Recent advances in laboratory robotics have enabled a large number of cloned vectors from genomic or cDNA libraries to be spotted in a high density grid format on membranes suitable for detection by a specific labeled hybridization probe. Fox example more than 20,000 BAC clones representing part of the total human genome are typically spotted on to a 22x22 cm membrane. This high density of spots makes the identification of positives very tedious if not impossible for the un-aided human eye.

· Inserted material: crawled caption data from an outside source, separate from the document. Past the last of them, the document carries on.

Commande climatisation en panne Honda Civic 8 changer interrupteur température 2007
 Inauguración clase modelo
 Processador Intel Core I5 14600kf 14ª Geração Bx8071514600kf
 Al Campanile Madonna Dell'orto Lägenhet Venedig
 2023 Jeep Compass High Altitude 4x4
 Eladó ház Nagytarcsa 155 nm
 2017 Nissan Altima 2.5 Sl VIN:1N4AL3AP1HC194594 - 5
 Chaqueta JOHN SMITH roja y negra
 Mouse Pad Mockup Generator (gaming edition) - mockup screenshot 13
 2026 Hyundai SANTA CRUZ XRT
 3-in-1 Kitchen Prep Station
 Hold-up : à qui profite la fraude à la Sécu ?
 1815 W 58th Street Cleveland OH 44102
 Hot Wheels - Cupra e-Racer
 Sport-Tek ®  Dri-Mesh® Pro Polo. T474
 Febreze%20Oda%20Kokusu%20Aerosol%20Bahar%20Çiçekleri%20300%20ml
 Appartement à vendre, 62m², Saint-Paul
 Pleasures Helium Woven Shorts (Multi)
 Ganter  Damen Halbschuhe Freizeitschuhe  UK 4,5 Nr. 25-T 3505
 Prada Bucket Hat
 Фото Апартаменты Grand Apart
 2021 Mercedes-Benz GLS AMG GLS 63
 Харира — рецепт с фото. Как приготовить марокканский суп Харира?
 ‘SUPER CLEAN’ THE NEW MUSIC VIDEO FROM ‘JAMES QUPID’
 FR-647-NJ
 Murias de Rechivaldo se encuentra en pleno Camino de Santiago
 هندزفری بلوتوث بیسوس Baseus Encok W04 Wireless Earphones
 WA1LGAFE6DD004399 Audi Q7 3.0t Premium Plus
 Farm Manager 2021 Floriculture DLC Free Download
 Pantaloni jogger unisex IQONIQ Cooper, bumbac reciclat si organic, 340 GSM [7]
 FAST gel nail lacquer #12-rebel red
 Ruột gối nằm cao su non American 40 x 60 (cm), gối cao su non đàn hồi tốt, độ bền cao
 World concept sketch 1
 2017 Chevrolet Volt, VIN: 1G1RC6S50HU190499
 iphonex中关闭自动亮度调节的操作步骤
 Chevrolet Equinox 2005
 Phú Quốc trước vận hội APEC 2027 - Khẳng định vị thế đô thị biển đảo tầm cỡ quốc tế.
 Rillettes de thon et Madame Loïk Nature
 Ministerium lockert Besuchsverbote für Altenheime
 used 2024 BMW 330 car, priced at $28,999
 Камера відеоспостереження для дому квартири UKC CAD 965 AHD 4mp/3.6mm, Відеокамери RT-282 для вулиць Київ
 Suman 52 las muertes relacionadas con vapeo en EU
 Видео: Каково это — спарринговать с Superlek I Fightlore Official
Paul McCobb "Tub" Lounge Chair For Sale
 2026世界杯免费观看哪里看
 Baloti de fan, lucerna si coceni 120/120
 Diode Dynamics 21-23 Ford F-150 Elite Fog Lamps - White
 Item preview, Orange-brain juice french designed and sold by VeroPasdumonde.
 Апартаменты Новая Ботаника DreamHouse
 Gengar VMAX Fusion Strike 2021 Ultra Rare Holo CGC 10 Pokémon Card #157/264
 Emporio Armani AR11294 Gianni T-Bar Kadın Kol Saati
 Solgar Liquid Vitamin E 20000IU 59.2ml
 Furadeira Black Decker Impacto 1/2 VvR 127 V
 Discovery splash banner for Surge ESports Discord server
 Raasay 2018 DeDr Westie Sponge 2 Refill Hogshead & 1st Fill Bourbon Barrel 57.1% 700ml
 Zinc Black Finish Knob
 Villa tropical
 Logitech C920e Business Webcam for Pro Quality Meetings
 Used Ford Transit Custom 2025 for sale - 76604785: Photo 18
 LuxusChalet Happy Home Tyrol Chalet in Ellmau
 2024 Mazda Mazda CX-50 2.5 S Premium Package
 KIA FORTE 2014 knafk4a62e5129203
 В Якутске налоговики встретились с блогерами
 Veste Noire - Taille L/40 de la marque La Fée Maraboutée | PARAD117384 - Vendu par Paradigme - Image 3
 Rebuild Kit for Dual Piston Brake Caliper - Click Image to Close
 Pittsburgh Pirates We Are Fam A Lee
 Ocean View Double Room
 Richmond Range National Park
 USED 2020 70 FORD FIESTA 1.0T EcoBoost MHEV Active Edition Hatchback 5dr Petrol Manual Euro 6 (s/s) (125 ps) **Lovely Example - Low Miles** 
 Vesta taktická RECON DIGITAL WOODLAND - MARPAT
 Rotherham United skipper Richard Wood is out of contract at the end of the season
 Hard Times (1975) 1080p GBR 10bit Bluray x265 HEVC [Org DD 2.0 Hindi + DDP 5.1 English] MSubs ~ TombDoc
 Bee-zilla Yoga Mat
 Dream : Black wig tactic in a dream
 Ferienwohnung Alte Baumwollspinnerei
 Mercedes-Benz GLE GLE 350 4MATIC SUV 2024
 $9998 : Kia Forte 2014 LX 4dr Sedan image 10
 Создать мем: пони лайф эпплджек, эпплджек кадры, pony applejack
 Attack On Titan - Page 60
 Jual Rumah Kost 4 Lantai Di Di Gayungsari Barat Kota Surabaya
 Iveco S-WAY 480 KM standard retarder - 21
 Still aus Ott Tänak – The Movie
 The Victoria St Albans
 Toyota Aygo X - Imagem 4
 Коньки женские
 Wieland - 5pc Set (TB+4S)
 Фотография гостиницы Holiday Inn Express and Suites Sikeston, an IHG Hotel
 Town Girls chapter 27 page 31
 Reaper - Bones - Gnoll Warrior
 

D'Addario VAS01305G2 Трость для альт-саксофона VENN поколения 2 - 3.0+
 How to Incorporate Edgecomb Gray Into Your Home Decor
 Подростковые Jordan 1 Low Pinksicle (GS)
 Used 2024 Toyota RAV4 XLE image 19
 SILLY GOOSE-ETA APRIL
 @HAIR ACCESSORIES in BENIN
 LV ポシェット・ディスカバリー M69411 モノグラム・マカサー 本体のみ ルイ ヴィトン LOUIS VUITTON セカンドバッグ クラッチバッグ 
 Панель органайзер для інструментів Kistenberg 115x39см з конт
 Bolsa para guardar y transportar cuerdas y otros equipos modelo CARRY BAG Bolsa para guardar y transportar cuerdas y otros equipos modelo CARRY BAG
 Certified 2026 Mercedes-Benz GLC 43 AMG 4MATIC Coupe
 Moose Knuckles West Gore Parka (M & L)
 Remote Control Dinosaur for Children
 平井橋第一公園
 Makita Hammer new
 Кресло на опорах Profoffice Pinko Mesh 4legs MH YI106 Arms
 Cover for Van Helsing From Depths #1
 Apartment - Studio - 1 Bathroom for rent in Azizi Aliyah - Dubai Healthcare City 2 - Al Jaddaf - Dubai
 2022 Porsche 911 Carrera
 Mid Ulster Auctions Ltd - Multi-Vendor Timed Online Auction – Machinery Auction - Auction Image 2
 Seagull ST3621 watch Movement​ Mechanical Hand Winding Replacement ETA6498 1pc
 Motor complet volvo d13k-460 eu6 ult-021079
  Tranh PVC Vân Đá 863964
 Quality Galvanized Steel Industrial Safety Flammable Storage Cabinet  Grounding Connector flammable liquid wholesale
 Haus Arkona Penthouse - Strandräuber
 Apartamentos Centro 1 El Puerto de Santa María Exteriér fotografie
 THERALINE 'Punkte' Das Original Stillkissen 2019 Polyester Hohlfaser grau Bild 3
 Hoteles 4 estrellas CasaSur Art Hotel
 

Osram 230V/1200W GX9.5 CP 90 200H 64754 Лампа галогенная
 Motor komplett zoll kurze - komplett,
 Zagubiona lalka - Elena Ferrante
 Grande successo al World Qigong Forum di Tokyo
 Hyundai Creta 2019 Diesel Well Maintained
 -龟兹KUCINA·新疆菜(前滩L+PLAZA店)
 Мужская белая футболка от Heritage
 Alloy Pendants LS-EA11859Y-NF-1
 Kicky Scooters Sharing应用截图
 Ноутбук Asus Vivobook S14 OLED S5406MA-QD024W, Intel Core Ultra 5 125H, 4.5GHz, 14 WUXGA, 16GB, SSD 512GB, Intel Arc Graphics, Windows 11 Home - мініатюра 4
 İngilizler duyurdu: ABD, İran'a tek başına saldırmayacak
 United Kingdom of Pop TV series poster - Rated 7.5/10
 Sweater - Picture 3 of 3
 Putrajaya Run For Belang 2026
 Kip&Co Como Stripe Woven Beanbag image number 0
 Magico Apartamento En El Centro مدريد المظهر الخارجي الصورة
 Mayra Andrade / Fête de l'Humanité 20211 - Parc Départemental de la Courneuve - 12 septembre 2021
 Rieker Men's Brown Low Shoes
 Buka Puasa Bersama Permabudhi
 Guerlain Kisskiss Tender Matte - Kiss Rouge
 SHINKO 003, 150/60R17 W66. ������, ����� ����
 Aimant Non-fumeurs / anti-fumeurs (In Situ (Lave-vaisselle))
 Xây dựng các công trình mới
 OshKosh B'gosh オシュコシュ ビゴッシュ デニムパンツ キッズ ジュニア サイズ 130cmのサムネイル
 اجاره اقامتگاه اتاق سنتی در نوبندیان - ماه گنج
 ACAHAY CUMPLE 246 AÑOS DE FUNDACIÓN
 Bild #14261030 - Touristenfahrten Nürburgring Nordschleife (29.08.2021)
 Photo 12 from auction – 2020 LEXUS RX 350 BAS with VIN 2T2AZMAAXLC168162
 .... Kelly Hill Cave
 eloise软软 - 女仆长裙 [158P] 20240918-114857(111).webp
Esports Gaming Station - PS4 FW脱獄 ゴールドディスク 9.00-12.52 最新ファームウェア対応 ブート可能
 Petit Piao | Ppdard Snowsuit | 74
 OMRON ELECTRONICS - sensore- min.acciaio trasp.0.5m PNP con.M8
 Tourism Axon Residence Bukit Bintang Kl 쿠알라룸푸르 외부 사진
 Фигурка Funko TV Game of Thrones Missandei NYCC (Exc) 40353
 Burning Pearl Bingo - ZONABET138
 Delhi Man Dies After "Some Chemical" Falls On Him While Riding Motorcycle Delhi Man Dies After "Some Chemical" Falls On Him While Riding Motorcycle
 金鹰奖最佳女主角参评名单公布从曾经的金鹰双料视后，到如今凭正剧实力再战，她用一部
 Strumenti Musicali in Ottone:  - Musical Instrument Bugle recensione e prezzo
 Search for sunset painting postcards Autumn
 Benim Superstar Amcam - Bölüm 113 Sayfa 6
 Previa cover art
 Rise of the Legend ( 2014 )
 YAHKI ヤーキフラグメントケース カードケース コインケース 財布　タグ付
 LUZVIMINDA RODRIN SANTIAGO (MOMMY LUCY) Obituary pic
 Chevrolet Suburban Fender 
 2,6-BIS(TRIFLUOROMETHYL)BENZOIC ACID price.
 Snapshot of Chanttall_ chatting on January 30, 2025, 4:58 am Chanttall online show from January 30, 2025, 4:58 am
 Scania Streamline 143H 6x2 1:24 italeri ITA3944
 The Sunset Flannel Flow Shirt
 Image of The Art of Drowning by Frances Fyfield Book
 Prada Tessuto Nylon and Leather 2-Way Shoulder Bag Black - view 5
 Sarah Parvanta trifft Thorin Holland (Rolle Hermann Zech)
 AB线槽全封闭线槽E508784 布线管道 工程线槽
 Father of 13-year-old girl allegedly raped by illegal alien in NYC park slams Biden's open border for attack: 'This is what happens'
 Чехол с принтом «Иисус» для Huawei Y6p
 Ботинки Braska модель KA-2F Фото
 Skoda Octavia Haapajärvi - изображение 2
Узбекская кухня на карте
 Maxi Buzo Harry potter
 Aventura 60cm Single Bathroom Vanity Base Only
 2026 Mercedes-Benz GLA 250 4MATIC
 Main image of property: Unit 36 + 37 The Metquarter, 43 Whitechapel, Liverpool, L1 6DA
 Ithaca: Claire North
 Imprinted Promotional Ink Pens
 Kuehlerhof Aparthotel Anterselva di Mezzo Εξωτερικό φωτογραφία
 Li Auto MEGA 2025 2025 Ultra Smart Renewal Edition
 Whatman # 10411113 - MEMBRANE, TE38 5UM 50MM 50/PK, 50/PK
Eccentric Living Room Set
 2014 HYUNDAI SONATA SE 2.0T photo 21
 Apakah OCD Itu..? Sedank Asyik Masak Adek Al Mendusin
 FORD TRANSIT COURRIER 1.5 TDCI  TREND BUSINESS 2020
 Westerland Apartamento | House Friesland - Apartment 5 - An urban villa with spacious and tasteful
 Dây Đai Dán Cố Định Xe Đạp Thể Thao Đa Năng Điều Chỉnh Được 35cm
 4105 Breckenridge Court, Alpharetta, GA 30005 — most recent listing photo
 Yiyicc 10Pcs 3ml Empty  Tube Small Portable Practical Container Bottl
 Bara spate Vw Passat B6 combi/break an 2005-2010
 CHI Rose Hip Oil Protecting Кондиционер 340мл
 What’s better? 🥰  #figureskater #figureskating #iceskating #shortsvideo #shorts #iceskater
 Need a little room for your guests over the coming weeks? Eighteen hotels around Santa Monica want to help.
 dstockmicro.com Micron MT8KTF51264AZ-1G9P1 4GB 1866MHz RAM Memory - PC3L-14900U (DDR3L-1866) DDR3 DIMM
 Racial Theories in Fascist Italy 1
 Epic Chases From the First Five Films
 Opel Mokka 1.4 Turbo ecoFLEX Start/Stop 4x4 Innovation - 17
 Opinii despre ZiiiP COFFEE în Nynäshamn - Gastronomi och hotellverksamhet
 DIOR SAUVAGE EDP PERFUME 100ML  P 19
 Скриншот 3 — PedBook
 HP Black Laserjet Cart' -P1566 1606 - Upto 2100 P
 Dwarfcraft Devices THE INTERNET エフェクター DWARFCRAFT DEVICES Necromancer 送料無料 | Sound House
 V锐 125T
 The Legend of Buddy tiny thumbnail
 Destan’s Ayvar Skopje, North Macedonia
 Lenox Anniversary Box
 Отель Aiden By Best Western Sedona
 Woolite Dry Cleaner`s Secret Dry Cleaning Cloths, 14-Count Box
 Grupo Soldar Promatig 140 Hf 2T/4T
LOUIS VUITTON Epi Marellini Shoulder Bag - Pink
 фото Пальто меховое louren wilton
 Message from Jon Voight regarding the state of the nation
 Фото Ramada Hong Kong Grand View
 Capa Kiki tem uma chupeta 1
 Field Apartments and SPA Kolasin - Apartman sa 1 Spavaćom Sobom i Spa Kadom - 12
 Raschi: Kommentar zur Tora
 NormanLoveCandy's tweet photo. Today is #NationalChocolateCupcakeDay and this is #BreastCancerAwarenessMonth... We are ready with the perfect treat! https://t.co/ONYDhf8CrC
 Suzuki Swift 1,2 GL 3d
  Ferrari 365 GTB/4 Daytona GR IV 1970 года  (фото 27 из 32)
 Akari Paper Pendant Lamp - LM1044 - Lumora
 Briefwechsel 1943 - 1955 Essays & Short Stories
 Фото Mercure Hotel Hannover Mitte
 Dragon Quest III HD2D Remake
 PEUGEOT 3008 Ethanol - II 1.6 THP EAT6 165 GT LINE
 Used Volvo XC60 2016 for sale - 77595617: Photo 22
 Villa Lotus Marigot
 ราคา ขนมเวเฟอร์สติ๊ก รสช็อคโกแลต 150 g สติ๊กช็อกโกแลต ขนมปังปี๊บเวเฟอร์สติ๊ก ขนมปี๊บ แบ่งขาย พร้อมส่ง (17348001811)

BioImage has developed its High Density Grid (HDG) Analysis Software using a constellation mapping algorithm that enables the use of only three anchor points on a reference image containing all possible positives and overlaying them with multiple study images. Unlike rigid grid methodologies, this method of pattern matching compensates for any distortion or skewing that may occur within a sample array. Each positive is identified with a name that designates a specific point of origin, i.e. source plate and well. Spot name information is automatically propagated to all matched images. The software also provides further characterization by spot quantification. Spot database queries can filter information based on the existence of spots, quantitative ratios of matched spots, spotsū integrated intensity, area, and user-defined spot characteristics.
The BioImage HDG Analysis Software supports direct image acquisition from either a digital scanner or CCD camera. TIFF format image files can also be imported from various sources such as Phosphorimagers, Fluorimagers, or densitometers.
The software will be demonstrated during the designated sessions.